Who inspects the inspectors? : February 5, 2012
Prove yourself fit for purpose
This week Dylan Wiliam threw a wet leather gauntlet in the face of monsieur d’Ofsted, saying, “Ofsted do not know good teaching when they see it”.
If this is true (and how would we know because obviously no one ever bovvers to check up on Ofsted, do they?) it casts HMCI Sir Michael Wilshaw’s assertion that teachers’ pay progression should depend on them teaching ‘good’ lessons into serious doubt. Wilshaw says “The thing that irritates good teachers, people who work hard and go the extra mile is seeing people that don’t do that being rewarded.” No. The thing that irritates good teachers is nonsense being spewed by the head of an inspectorate that is possibly not fit for purpose. Ofsted’s predictable response is that its criteria for assessing teaching quality are apparently “carefully formulated from international research that identifies those features of teaching that have the greatest impact on pupils’ learning.” Oh, well, that’s all right then. As long as it’s ‘carefully formulated’ there’s no need to scrutinise it is there? The spokescreature added, “Inspectors now spend even more time in classrooms. As experienced teachers and headteachers themselves, inspectors know how to recognise lessons that fire the imaginations of pupils and give them the confidence they need to make good progress.” What a relief!

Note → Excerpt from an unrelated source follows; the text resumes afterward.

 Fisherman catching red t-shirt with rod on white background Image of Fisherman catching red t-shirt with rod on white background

Sadly though there is plenty of evidence which casts doubt on Ofsted’s much vaunted belief in its own ability to recognise anything underpinned by actual, honest to goodness understanding of what students need to do to actually make progress. Some of this evidence is anecdotal; I tweeted a comment on Twitter which seemed to resonate with many teachers: “Asked an inspector if they’d ever taught a lesson, they hadn’t but had ‘observed over 100 lessons’. I’ve seen all of ER, am I a Dr?” This sort of thing is easy to dismiss, but a more serious tale is told by a deputy head teacher of my acquaintance about a consultant who is training to be an Ofsted inspector because he doesn’t think he can get a job in a school and his contract is due to run out. This is a man who has consistently delivered lessons to poor feedback from the staff and students he’s worked with. Is this the calibre of inspector we want making decisions on teachers’ pay? Address the plank in your own eye Sir Michael and I’ll happily submit myself to your expertise.
Other evidence is maybe more compelling. Daisy Christodoulou wrote on her blog about some of the alarming ‘evidence’ of excellent English teaching in their 2011 publication Excellence in English. It’s full of suggestions which make me shudder. Not because they’re bad things to do per se, but because they’re not about students learning things which will improve their ability to read, write or speak better.

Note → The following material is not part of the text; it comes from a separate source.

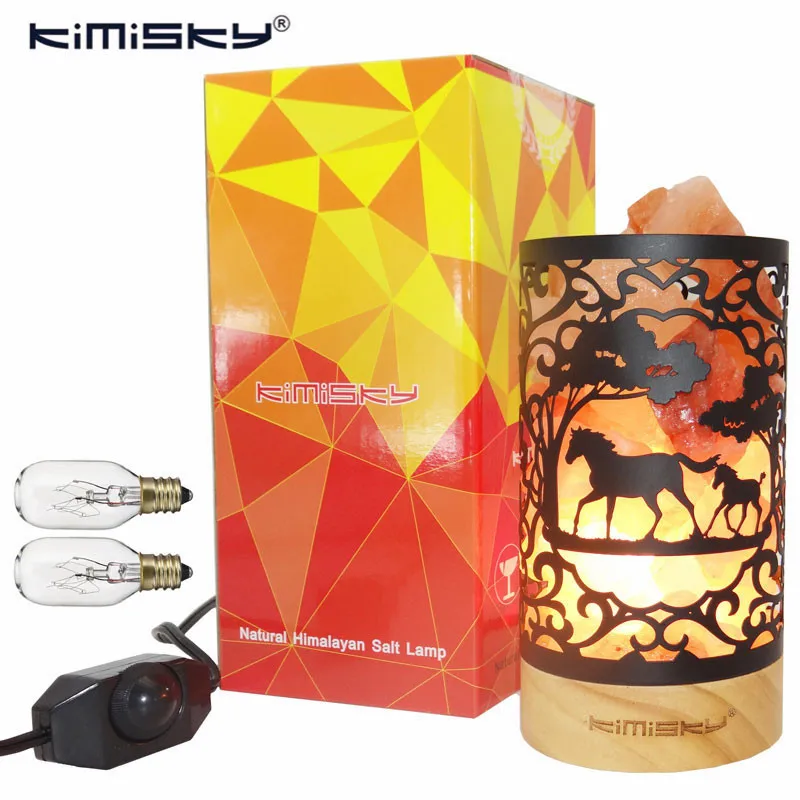 

Kimisky Night Light Salt Lamp Himalayan Natural Air Purifier Table Lava Lamp Luminaria Dimmer Switch US Plug Warm Decor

Most worryingly, after waxing lyrical about (I kid you not) a scheme of learning about Roger Hargreaves’ Mr Men, the report says, “students then review and extend their knowledge of grammar focusing on the use of adjectives, onomatopoeia and alliteration.” Now, as any grammarian will happily tell you, onomatopoeia and alliteration have nothing to do with knowledge of grammar and if the Ofsted inspector failed to understand this, what hope for the students? My beef, as I pointed out here last year is that thinking teachers know how to teach if we want students to learn stuff. And it doesn’t require potatoes to be hidden under desks for students to learn about Seamus Heaney poems or for any of the other spurious ‘independent learning’ activities which inspectors love so much. Getting Ofsted to rate your lesson as ‘outstanding’ requires you to do a monkeydance which showcases children using SEAL or PLTS or whatever else is fashionable. What’s even more worrying is that inspectors will now ask students, “Is this a typical lesson?” No it bloody well isn’t. Not if I want students to actually make the progress which schools are judged against in league tables.
My solution to being asked to perform the monkeydance is to hold your professional nerve, teach the way you know to be best and staple the research findings supporting your views to you lesson plan: challenge that, if you dare!

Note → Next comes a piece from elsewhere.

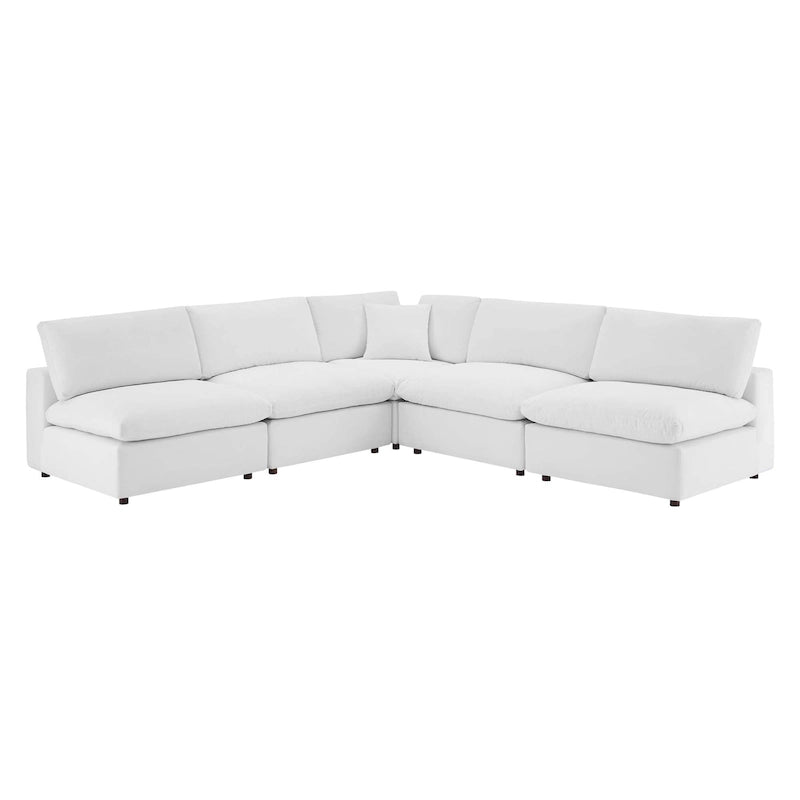 Commix Down Filled Overstuffed Velvet 5-Piece Sectional Sofa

The problem with a lot of what Ofsted glibly label as outstanding is that it expects students to bypass the multistructural phase and go straight into deep understanding without knowing enough. A neat trick if you could manage it, but you can’t: as Daniel Wallingham explains in Why Don’t Students Like School? our brains are just not wired that way.
Anyway, the point of all this is that like many teachers I don’t trust Ofsted to get it right. I’d like more humility and less sweeping pronouncements. Oh, and some sort of objective review along the lines that Wiliam suggests. After all, quis custodiet ipsos custodes?